『人形作家』四谷シモン(講談社現代新書、2002年)
「人形は芸術ですか」という質問は、四谷シモンの人形を観るといかにつまらない質問か判る。「書は芸術ですか」「生花は芸術ですか」「写真は芸術ですか」も同様につまらない質問であり、「絵画は芸術ですか」「彫刻は芸術ですか」もひとまとめにして同様につまらない質問であると言える。つまり芸術というのは、一点一点の個の作品の評価であって領域に対してあるものではない。
四谷シモンの人形を圧倒的な芸術の存在としてみる事ができるのは、「芸術とは何か」を知る人のみである。しかし、四谷シモンの人形は四谷シモンともども特異な存在であることは事実であり、その特異を知りたくて本著を手にとった。
「シモンとは何者であるか」は序文で嵐山光三郎が、8ページに渡って詳細に書き尽くしている。24歳で唐十郎の状況劇場の女役者として登場した頃から、アンダーグラウンドの陰陽も含めて、どれだけ異様に輝いていたか。本文では四谷シモン自身が出生から奇異なる家庭、例えばダンサーでストリップもする母親が小学校にやってきて父親のバイオリンの伴奏でストリップショウを行ったことなど。四谷シモンの感性は細い絹糸が多色に染められるように育まれていく。

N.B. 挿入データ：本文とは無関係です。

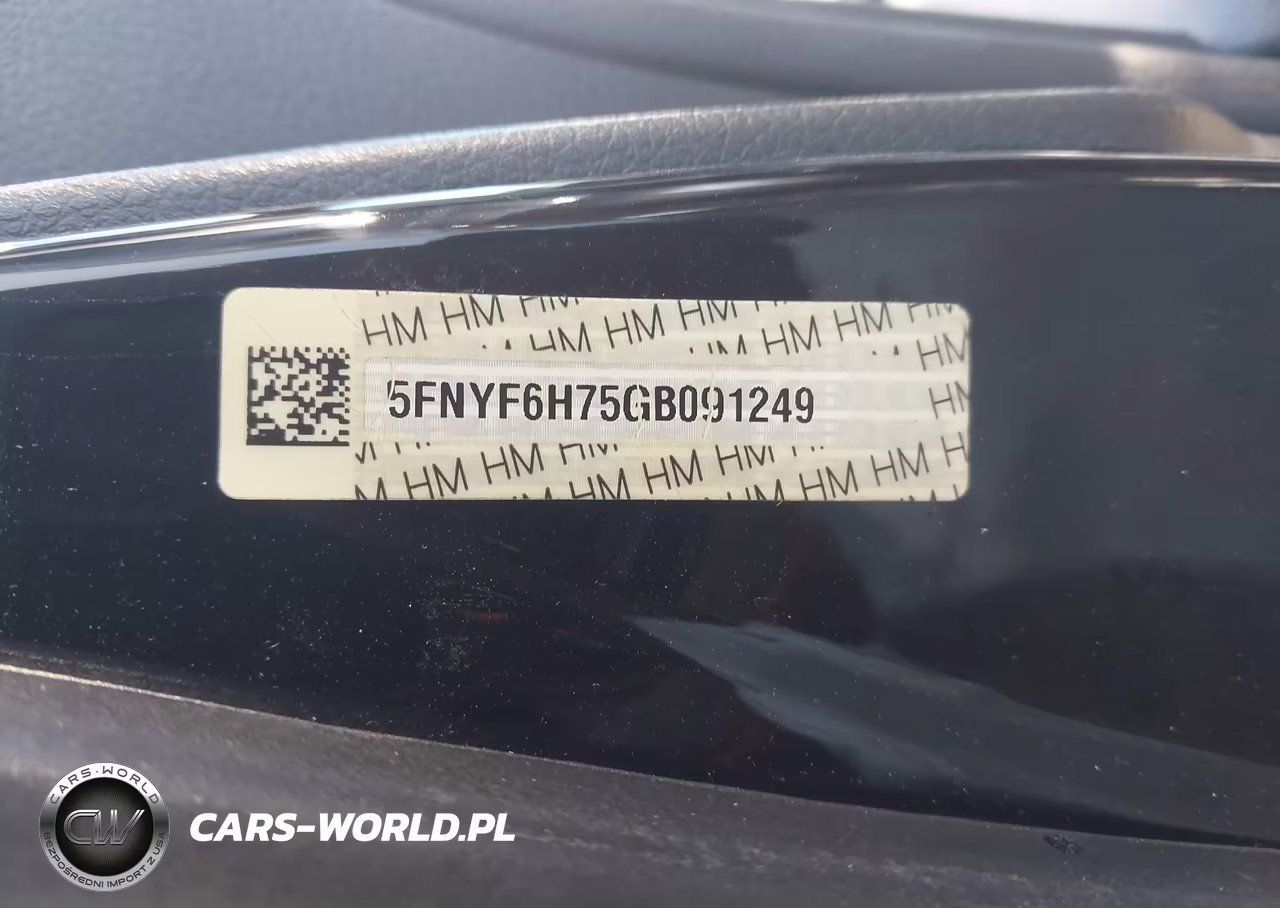2016 Honda Pilot Ex-L VIN:5FNYF6H75GB091249 - 9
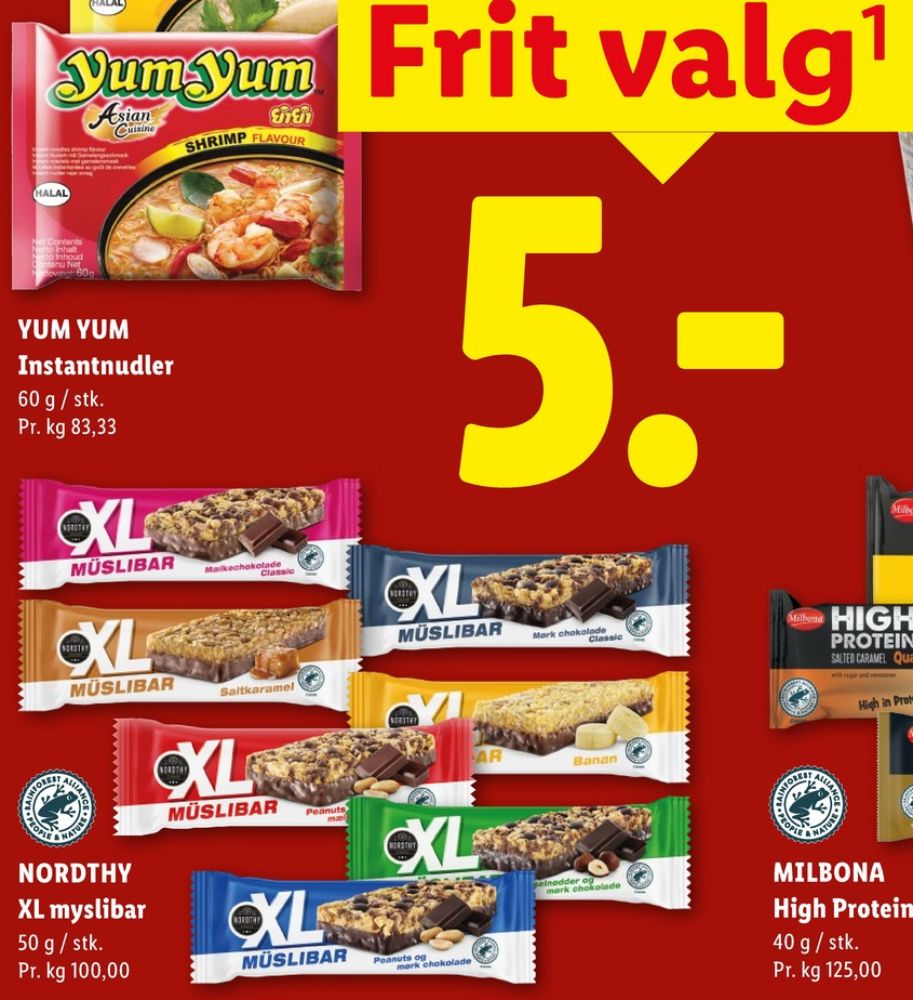 Nordthy, XL Müslibar mørk chokolade klassisk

熱狂の状況劇場では自ら女人形のように化身し、「シモンちゃーん」の大歓声を浴びた。歓声の主たちは、澁澤龍彦、矢川澄子、寺山修司、土方巽、山下洋輔、檀一雄、横尾忠則、瀧口修造、加藤郁乎、松山俊太郎、吉岡実、種村季弘、金井美恵子、合田佐和子、大島渚、金子國義、高橋睦郎・・・・。
才能とはどのように生まれ、造られて行くのか。四谷シモンの人生を追うと、努力とか研鑽とか、そんなものはちっぽけ過ぎて、萎えざるを得ない自分がいる。